■ PROBLEM TO SOLVE
Word for word, reproduce the records, keeping none of the pictures.

--- DATASET EXTRACT Enclosed Below ---

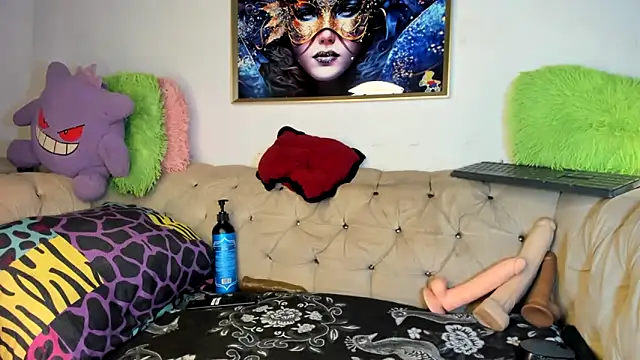 amydelahozgomez online show from 04.16.26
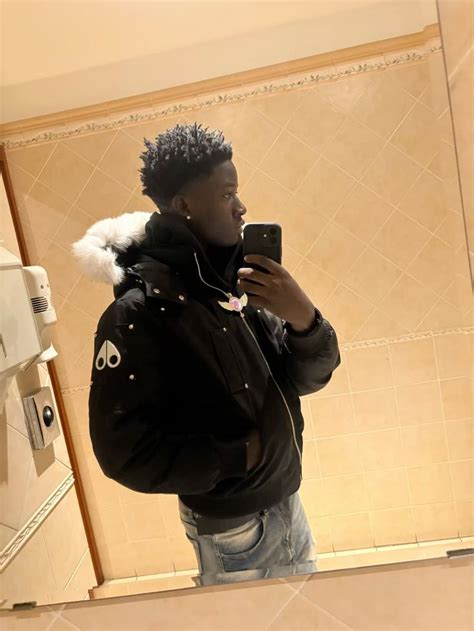 moose knuckles coat drip | Cool outfits for men, Mens outfits, Cool outfits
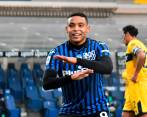 Luis Fernando Muriel, quien lució opaco en los últimos juegos con Selección Colombia, ha retomado su senda goleadora. FOTO EFE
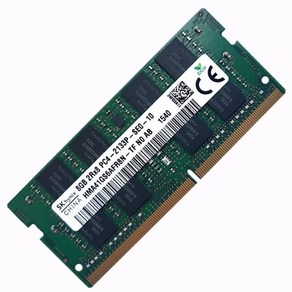 하이닉스 노트북용 DDR4 8GB 17000 PC4-2133P 2133MHz [골든메모리], 1개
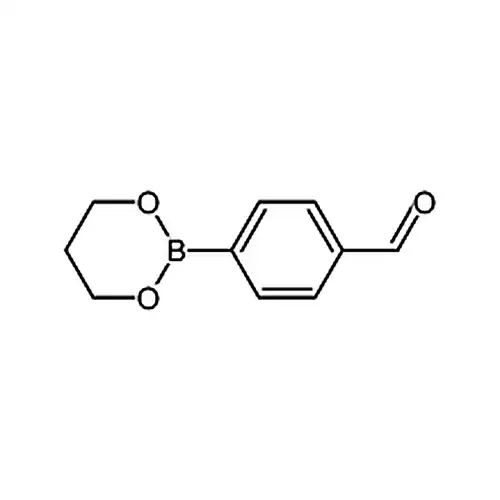 4-(1,3,2-二氧硼杂环己烷-2-基)苯甲醛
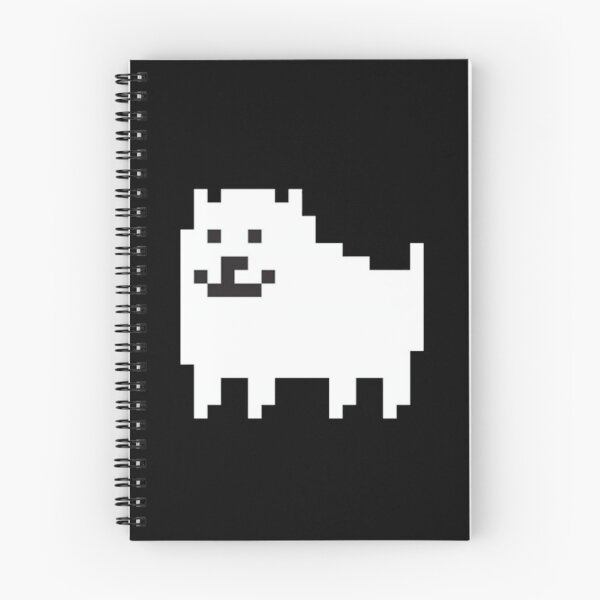 Item preview, Undertale annoying dog designed and sold by Lowfidesigns.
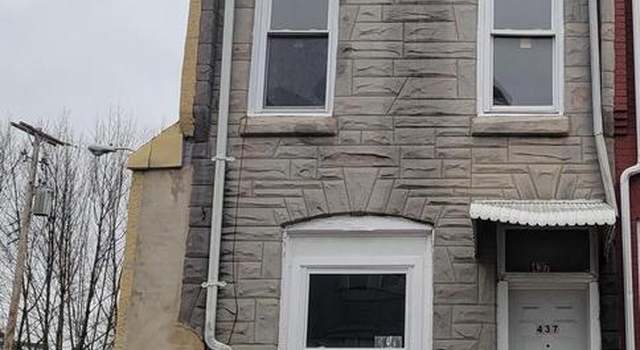 Photo of 437 Rosenthal St, Reading, PA 19601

--- End of Enclosed DATASET EXTRACT ---

■ EXERCISE OUTPUT
 amydelahozgomez online show from 04.16.26
 moose knuckles coat drip | Cool outfits for men, Mens outfits, Cool outfits
 Luis Fernando Muriel, quien lució opaco en los últimos juegos con Selección Colombia, ha retomado su senda goleadora. FOTO EFE
 하이닉스 노트북용 DDR4 8GB 17000 PC4-2133P 2133MHz [골든메모리], 1개
 4-(1,3,2-二氧硼杂环己烷-2-基)苯甲醛
 Item preview, Undertale annoying dog designed and sold by Lowfidesigns.
 Photo of 437 Rosenthal St, Reading, PA 19601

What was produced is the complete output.